I dont see Labview going away any time soon, just seeing it experiencing some growing pains.  While the applications of labview creep into many new industries each year the programmer base does not seem to keep pace.  It is clear that this problem I am experience is not just isolated to me.  I think that the cost of the development environment is either too expensive or not enough educators have time to learn to introduce labview into high school and university curriculums.  This is too bad because if more young engineers have experience with labview an whole generation could be labview ready for their first job and apply it to their applications.  I do understand that labview is not the mother of all programming languages but no language is.  Each main stream language has a niche market and performs some applications poorly.  Programming languages are just tools for controlling and visualizing data.  I hope that labview is not stifled by these growing pains because it is a great tool and can make for a very fun and productive career.

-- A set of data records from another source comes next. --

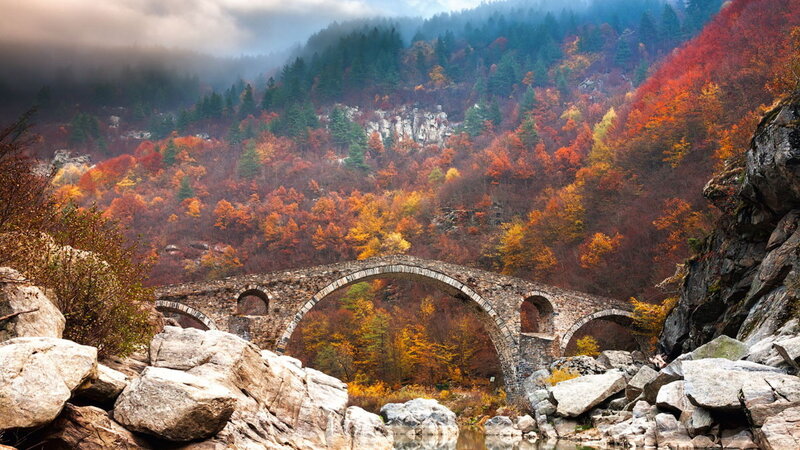 Stone Bridge in Autumn — Orange, Serene, Photograph, Forest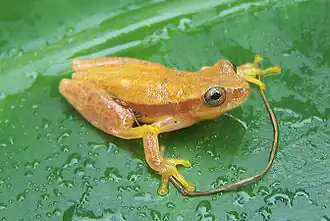 Description de l'image Dendropsophus robertmertensi01.jpeg.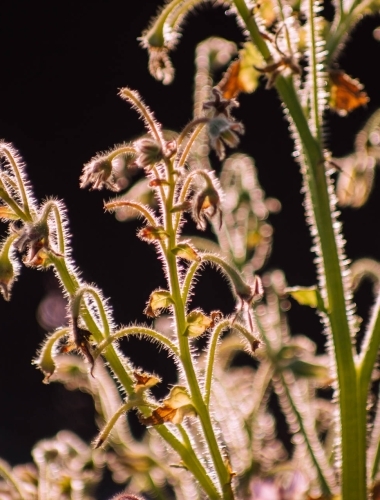 IMG_0807 Hairy plants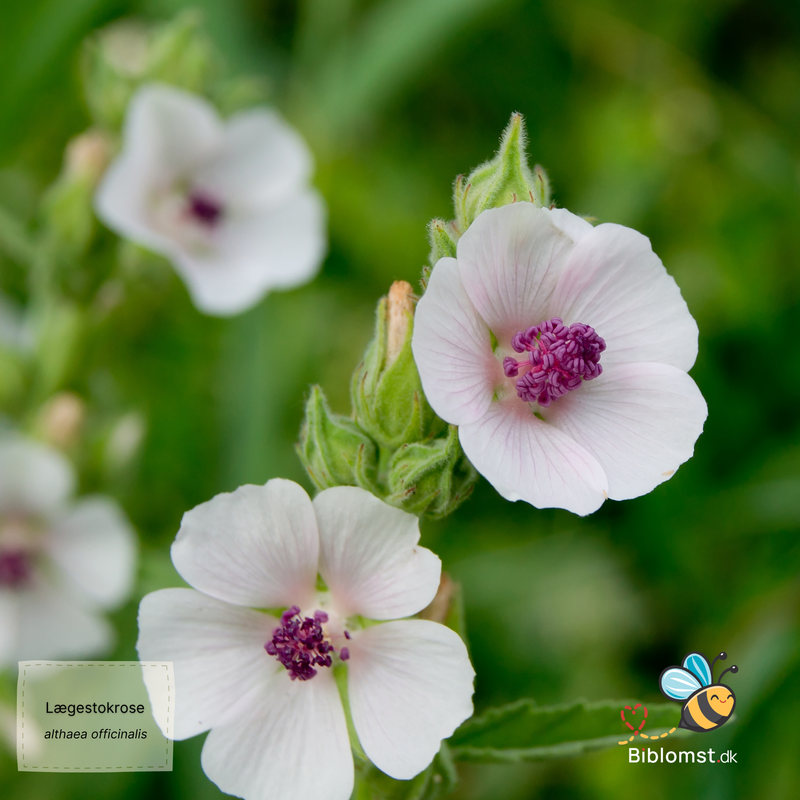 Så- og pasningsvejledning for Lægestokrose – Althaea officinalis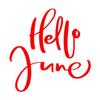 Hand-Drawn Typography "Hello June" Wall Decal, Red, 42 x 43 cm view 1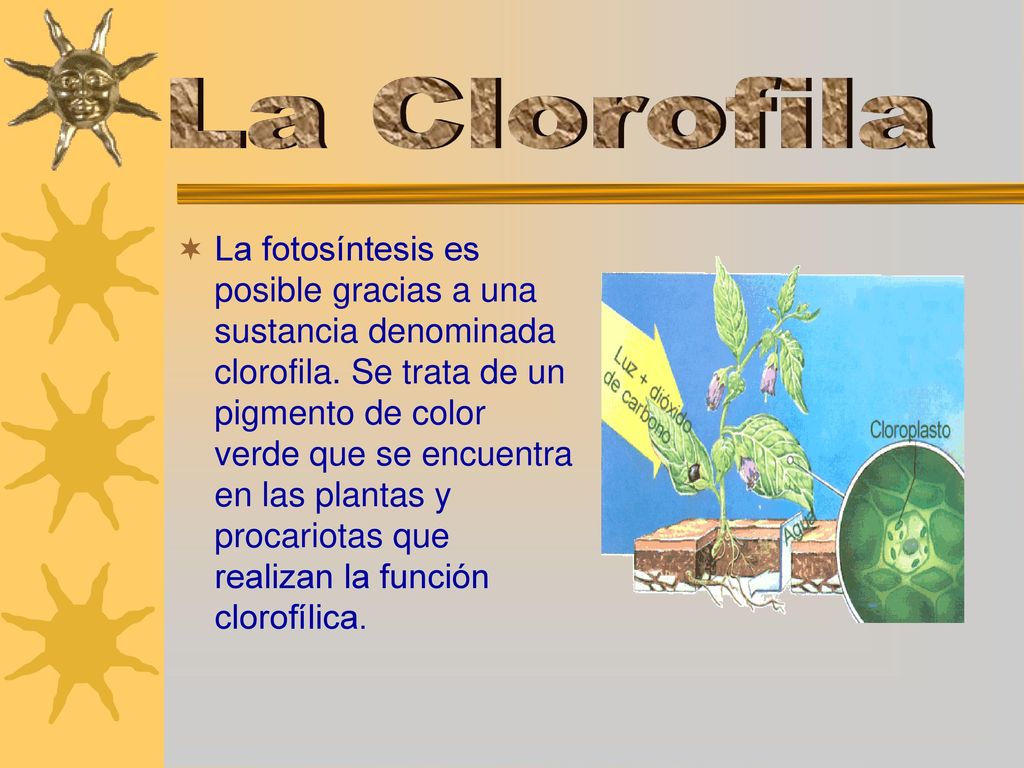 La Alimentación de las Plantas. - ppt descargar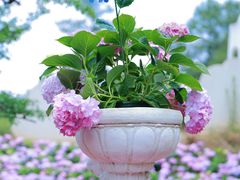 -名花谷生态庄园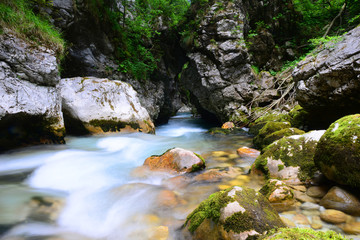 Kamniska bistrica valley, Slovenia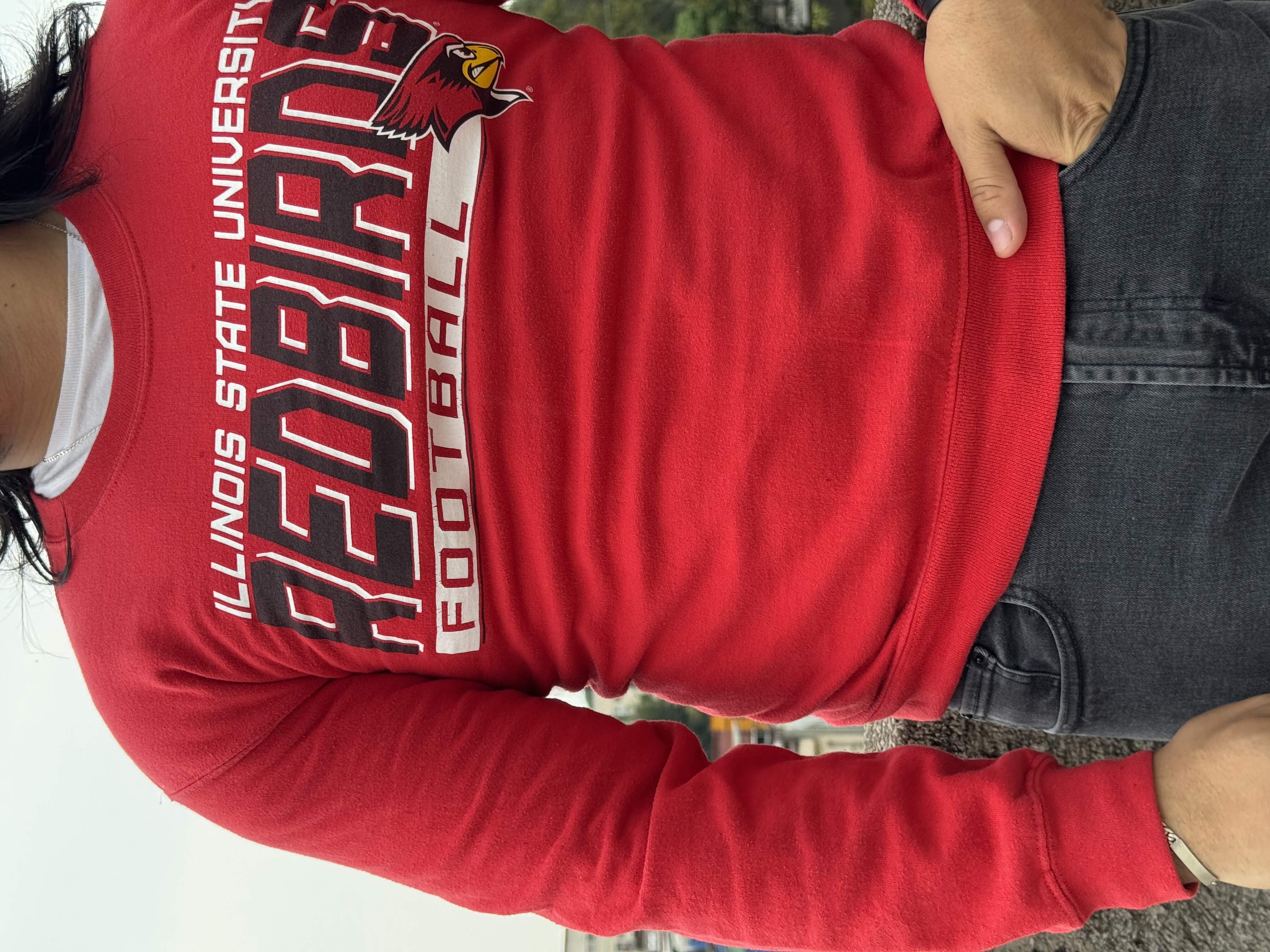CREWNECK ILLINOIS STATE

One remark that has been done several times already in a more or less explicit way is the one that LabVIEW is very expensive and therefore universities and technical schools can't afford it. This certainly is not a main reason! NI has a special educational program where universities and technical schools will get a substantial discount on LabVIEW (and other NI software) licenses and if one wants to build a whole classroom they will usually have even better special conditions up to complete site licenses for a very competitive price. There is some fine print that you have to use the software for educational purposes to get the maximum discount but price certainly can't be the major issue here.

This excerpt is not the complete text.